The Zaudunyani on the Heights of the Bull immediately recognized him as a friend of the Warrior-Prophet, and Achamian found himself in a bright reception hall blinking at ivory plaques set in glossy black marble. After several moments, an Ainoni caste-noble called Gayamakri—one of the Nascenti, the others said—arrived and escorted him down dark halls. When Achamian asked him about the white-clad warriors he saw posted throughout the palace, the man yammered on about riots and the evil machinations of the Orthodox. But Achamian only had ears for his leaping heart …
At long last they paused before two grand doors—cherrywood beneath bronze fretting—and Achamian found himself thinking of jokes he could use to make her laugh …
“From a sorcerer’s tent to a caste-noble’s suite … Hmm.”
He could almost hear her laughter, almost see her eyes, wanton with love and devilry.
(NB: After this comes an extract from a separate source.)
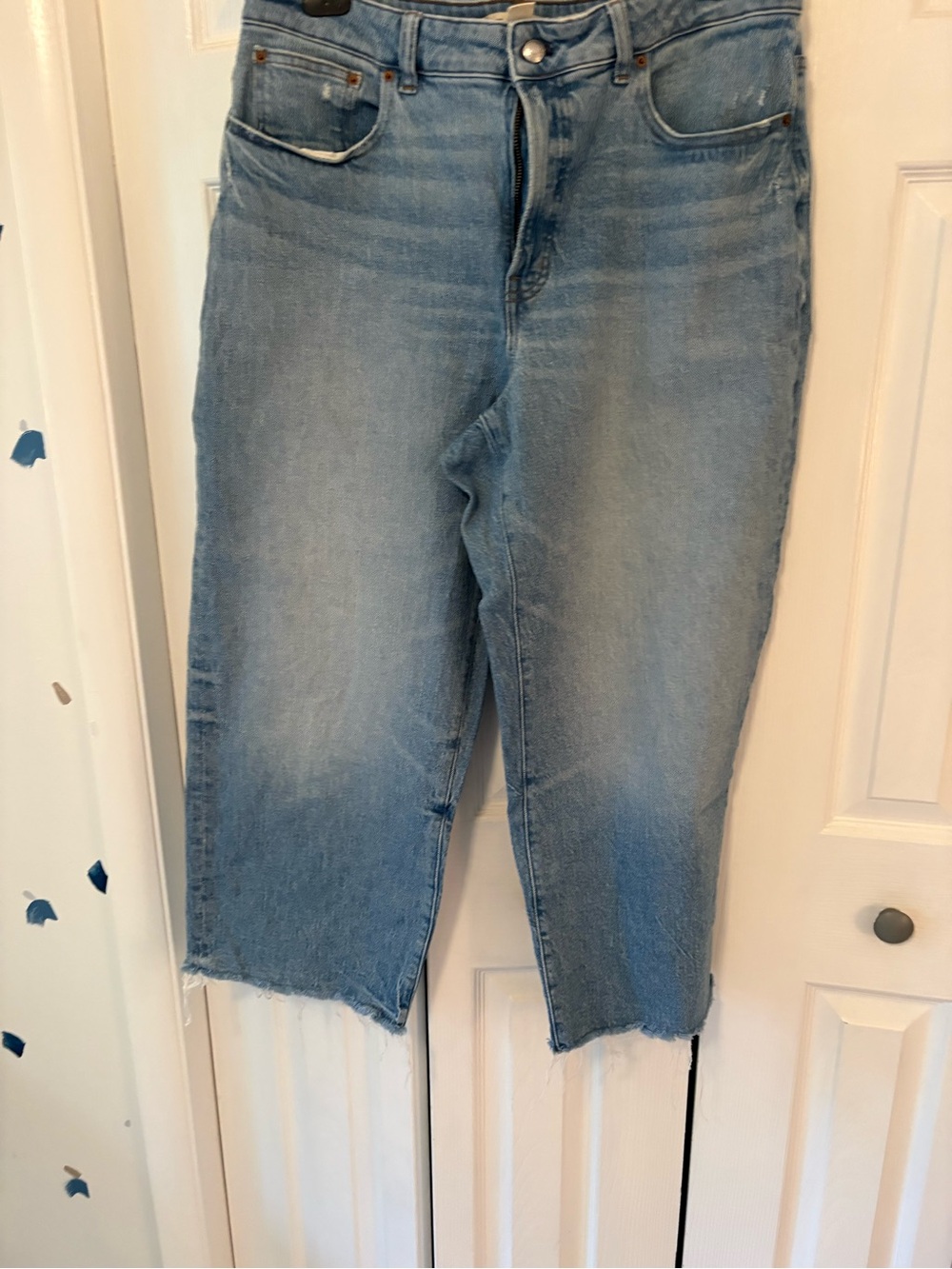 Madewell Curvy Perfect Vintage Wide-Leg Crop Jean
“So what will it be the next time I die? The Andiamine Heights?”
“She likely sleeps,” Gayamakri said apologetically. “Things have been especially hard on her.”
Jokes … What could he be thinking? She would need him, fiercely if what Proyas had said was true. Serwë dead and Kellhus dying. The Holy War starving … She would need him to hold her. How he would hold her!
Without warning Gayamakri whirled, clutched his hands. “Please!” he hissed. “You must save him! You must!” The man fell to his knees, held him with white-knuckled fervour. “You were his teacher!”
“I-I’ll do what I can,” Achamian stammered. “On that I give you my word.”
Tears branched across the man’s cheeks into his beard. He pressed his forehead to Achamian’s hands. “Thank you! Thank you!”
At a loss for words, Achamian pulled the Nascenti to his feet. The man fussed with his yellow and white robes, pathetically, as though just remembering a lifetime obsession with jnan.
“You’ll remember?” he gasped.
“Of course,” Achamian replied. “But first I must confer with Esmenet. Alone … Do you understand?”
Gayamakri nodded. He backed away three steps, then turned and fled down the hall.
He stood before the tall doors, breathing.
Esmi.
He would hold her while she sobbed. He would speak his every thought, tell her what she’d meant to him through his captivity. He would tell her that he, a Mandate Schoolman, would take her as his wife—his wife! And her eyes would weep wonder … He almost laughed with joy.
At last!
Rather than knocking, he pressed through the doors the way a husband might. Gloom and the scent of vanilla and balsam greeted him. Only six scattered candles illuminated the suite, which was broad with vaulted ceilings and decked with a luxurious array of carpets, screens, and hangings. Set upon a raised dais, a great pentagonal bed dominated the room’s heart, its sheets and blankets knotted as though by passion. To the left, the panelled walls opened onto what looked like a private garden. Outside the sky was bright with stars.